A memória de Fernando Canto e o dia em que o hino oficial quase se perdeu.
Em 1982, o
Amapá vivia um daqueles instantes em que a história parece prender a respiração
antes de um salto. O Território Federal sonhava tornar-se Estado, e o espírito
coletivo era de construção e pertencimento.
Para
fortalecer esse movimento, o secretário de Planejamento, Antero Lopes,
instituiu uma comissão encarregada de coordenar a campanha e escolher os
símbolos do futuro Estado: bandeira, brasão e hino.

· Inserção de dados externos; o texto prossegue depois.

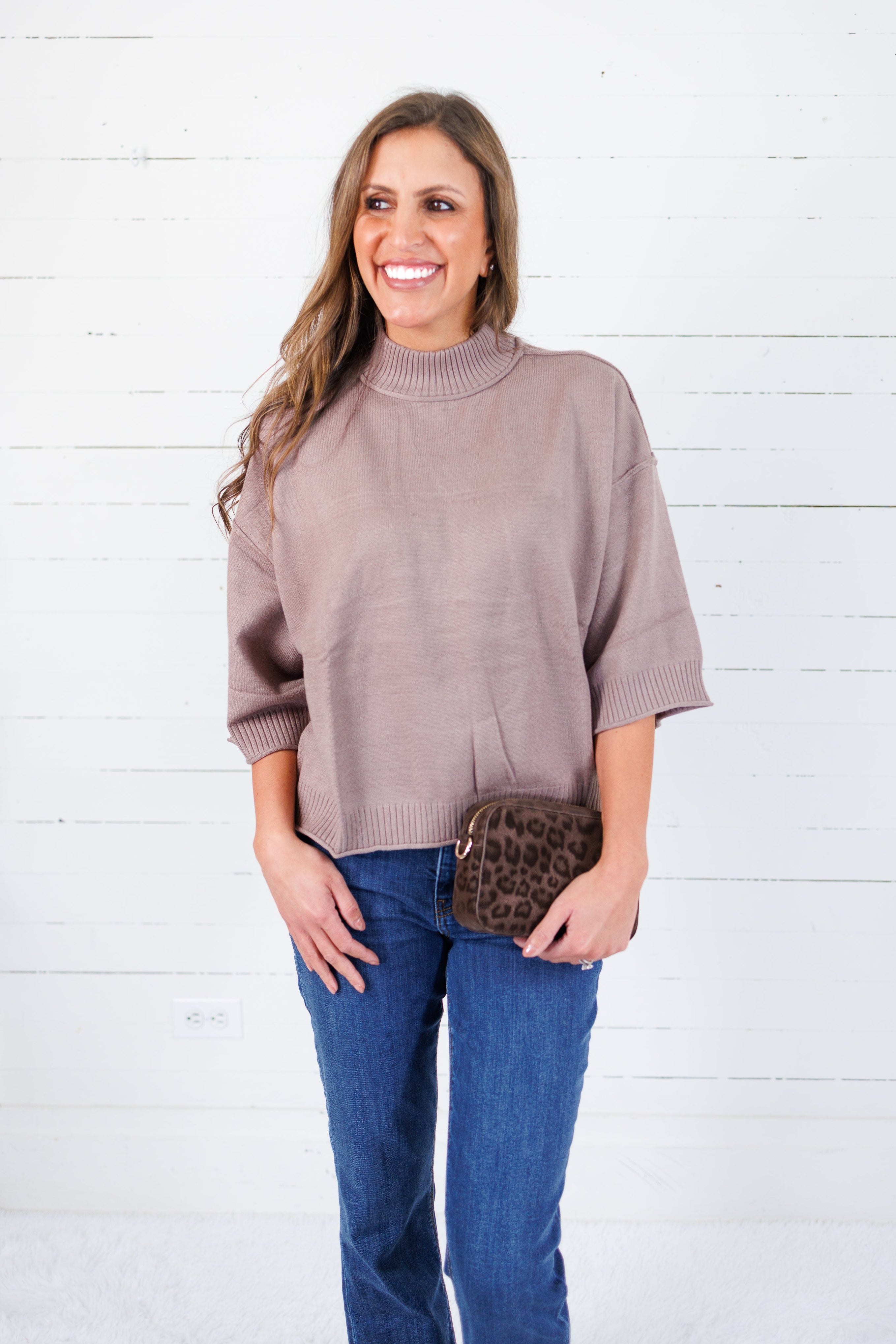 Clancy Mocha Mock Neck Sweater Glam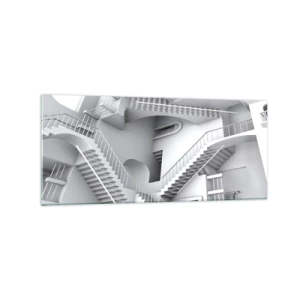 Impression sur verre - Image sur verre - Une composition abstraite d'escaliers dans un agencement spatial surréaliste - 120x50cm - Paradoxes spatiaux - Décoration murale moderne pour le salon et la chambre ARTTOR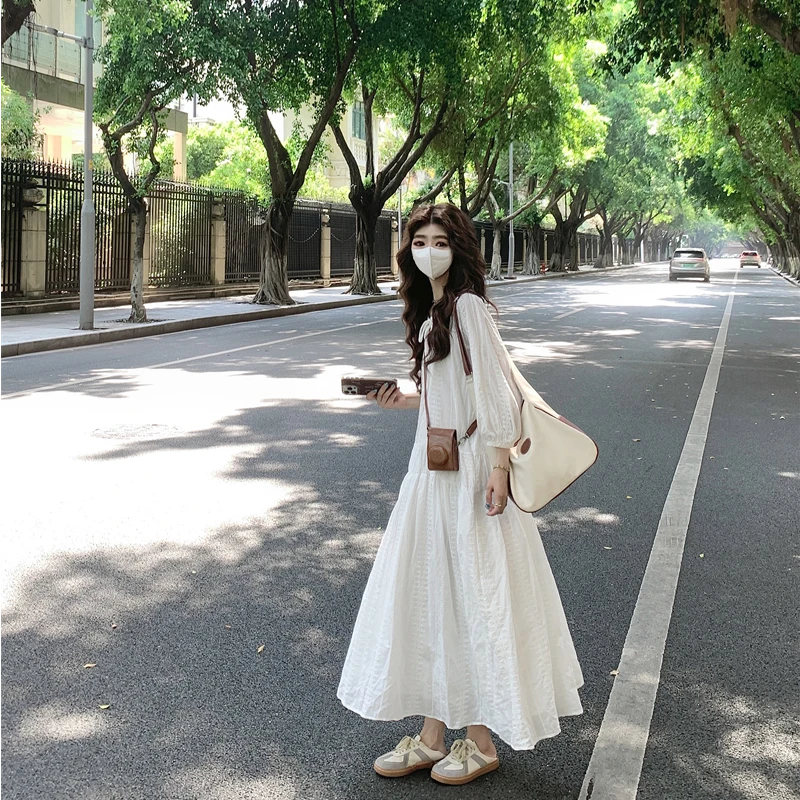 白月光小白裙法式宽松长袖连衣裙白色超重工刺绣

À mesa, nomes que uniam
técnica, arte e sensibilidade: o jornalista Paulo Oliveira, o publicitário
Carlos Viana, o arquiteto Chikahito Fugishima e o poeta e artista multimídia
Fernando Canto.
As
inscrições para bandeira e brasão chegaram em grande número. Para o hino,
porém, o silêncio governou. Nenhuma proposta. O tempo apertava, e aquele vazio
ameaçava transformar um momento histórico em uma pausa desafinada.
Foi nessa
brecha que Fernando Canto apareceu, olhos brilhando como quem acabara de
encontrar um rio escondido na mata. Ele carregava consigo a Canção do Amapá,
com letra de Joaquim Gomes Diniz e música do maestro Oscar Santos. Naquele
instante, o Amapá ganhou a voz que buscava.
O maestro
que ensinou a ouvir
Oscar
Santos, lembrado com carinho por várias gerações, era mais que maestro. Era
jardineiro de talentos. Chegou ao Amapá ainda nos anos 1950, trazido pela
secretária de Educação Aracy Miranda de Mont’Alverne, e fez da então Escola
Industrial de Macapá uma casa de música pulsante.
Rigoroso no
ensino, exigia leitura de partitura e treino de ouvido. Criava disciplina e
liberdade, como quem constrói asas e raízes ao mesmo tempo. De seus
ensinamentos nasceram músicos como Joaquim França, Nonato Leal, Sebastião
Mont’Alverne, Aimorézinho e tantos outros que moldaram a alma sonora do Estado.
Compôs mais
de 560 peças. Algumas eram homenagens, como o Dobrado Epifânio Martins, feito
para o diretor do colégio, e o Dobrado Os Bonequinhos, inspirado nos uniformes
azuis dos alunos, que pareciam pequenas figuras de porcelana andando pelo
pátio.
O poeta que
semeou versos para o futuro
A letra do
hino era de Joaquim Gomes Diniz, amazonense de Coari, nascido em 1893. Diniz
chegou ao Amapá em 1929 e deixou marcas profundas como juiz, advogado e poeta.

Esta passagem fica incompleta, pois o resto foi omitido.